THE PROBLEM:
The whole listing below is to be copied exactly.

DATA TO PROCESS:

# # # #

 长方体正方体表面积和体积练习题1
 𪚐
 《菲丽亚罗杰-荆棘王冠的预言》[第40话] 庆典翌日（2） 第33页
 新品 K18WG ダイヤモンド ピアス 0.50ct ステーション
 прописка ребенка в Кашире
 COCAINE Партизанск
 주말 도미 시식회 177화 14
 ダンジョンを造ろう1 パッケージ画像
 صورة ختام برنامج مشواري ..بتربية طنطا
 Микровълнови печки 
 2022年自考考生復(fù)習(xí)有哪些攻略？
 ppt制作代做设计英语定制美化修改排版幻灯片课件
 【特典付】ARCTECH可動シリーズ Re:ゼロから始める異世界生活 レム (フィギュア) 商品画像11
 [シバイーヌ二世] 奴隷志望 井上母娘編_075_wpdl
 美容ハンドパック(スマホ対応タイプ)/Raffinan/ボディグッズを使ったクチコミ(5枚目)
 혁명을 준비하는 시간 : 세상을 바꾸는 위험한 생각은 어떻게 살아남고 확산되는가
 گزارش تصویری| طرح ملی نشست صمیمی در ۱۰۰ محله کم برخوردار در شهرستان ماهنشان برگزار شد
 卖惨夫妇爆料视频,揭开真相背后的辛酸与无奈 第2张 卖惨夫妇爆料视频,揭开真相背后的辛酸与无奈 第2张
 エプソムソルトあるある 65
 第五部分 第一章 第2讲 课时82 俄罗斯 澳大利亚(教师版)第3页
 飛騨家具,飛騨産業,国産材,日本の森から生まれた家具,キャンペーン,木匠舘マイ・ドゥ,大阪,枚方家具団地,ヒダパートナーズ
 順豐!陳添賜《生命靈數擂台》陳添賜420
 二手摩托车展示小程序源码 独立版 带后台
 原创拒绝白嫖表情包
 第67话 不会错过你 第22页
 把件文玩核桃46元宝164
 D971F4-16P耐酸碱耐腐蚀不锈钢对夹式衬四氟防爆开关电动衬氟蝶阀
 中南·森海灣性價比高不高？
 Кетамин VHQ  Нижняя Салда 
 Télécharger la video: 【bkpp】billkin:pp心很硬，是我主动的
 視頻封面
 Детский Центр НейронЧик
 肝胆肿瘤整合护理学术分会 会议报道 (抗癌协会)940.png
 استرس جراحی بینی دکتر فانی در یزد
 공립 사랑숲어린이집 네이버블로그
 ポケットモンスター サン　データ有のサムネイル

# # # #

SOLUTION TO THE EXERCISE:
 长方体正方体表面积和体积练习题1
 𪚐
 《菲丽亚罗杰-荆棘王冠的预言》[第40话] 庆典翌日（2） 第33页
 新品 K18WG ダイヤモンド ピアス 0.50ct ステーション
 прописка ребенка в Кашире
 COCAINE Партизанск
 주말 도미 시식회 177화 14
 ダンジョンを造ろう1 パッケージ画像
 صورة ختام برنامج مشواري ..بتربية طنطا
 Микровълнови печки 
 2022年自考考生復(fù)習(xí)有哪些攻略？
 ppt制作代做设计英语定制美化修改排版幻灯片课件
 【特典付】ARCTECH可動シリーズ Re:ゼロから始める異世界生活 レム (フィギュア) 商品画像11
 [シバイーヌ二世] 奴隷志望 井上母娘編_075_wpdl
 美容ハンドパック(スマホ対応タイプ)/Raffinan/ボディグッズを使ったクチコミ(5枚目)
 혁명을 준비하는 시간 : 세상을 바꾸는 위험한 생각은 어떻게 살아남고 확산되는가
 گزارش تصویری| طرح ملی نشست صمیمی در ۱۰۰ محله کم برخوردار در شهرستان ماهنشان برگزار شد
 卖惨夫妇爆料视频,揭开真相背后的辛酸与无奈 第2张 卖惨夫妇爆料视频,揭开真相背后的辛酸与无奈 第2张
 エプソムソルトあるある 65
 第五部分 第一章 第2讲 课时82 俄罗斯 澳大利亚(教师版)第3页
 飛騨家具,飛騨産業,国産材,日本の森から生まれた家具,キャンペーン,木匠舘マイ・ドゥ,大阪,枚方家具団地,ヒダパートナーズ
 順豐!陳添賜《生命靈數擂台》陳添賜420
 二手摩托车展示小程序源码 独立版 带后台
 原创拒绝白嫖表情包
 第67话 不会错过你 第22页
 把件文玩核桃46元宝164
 D971F4-16P耐酸碱耐腐蚀不锈钢对夹式衬四氟防爆开关电动衬氟蝶阀
 中南·森海灣性價比高不高？
 Кетамин VHQ  Нижняя Салда 
 Télécharger la video: 【bkpp】billkin:pp心很硬，是我主动的
 視頻封面
 Детский Центр НейронЧик
 肝胆肿瘤整合护理学术分会 会议报道 (抗癌协会)940.png
 استرس جراحی بینی دکتر فانی در یزد
 공립 사랑숲어린이집 네이버블로그
 ポケットモンスター サン　データ有のサムネイル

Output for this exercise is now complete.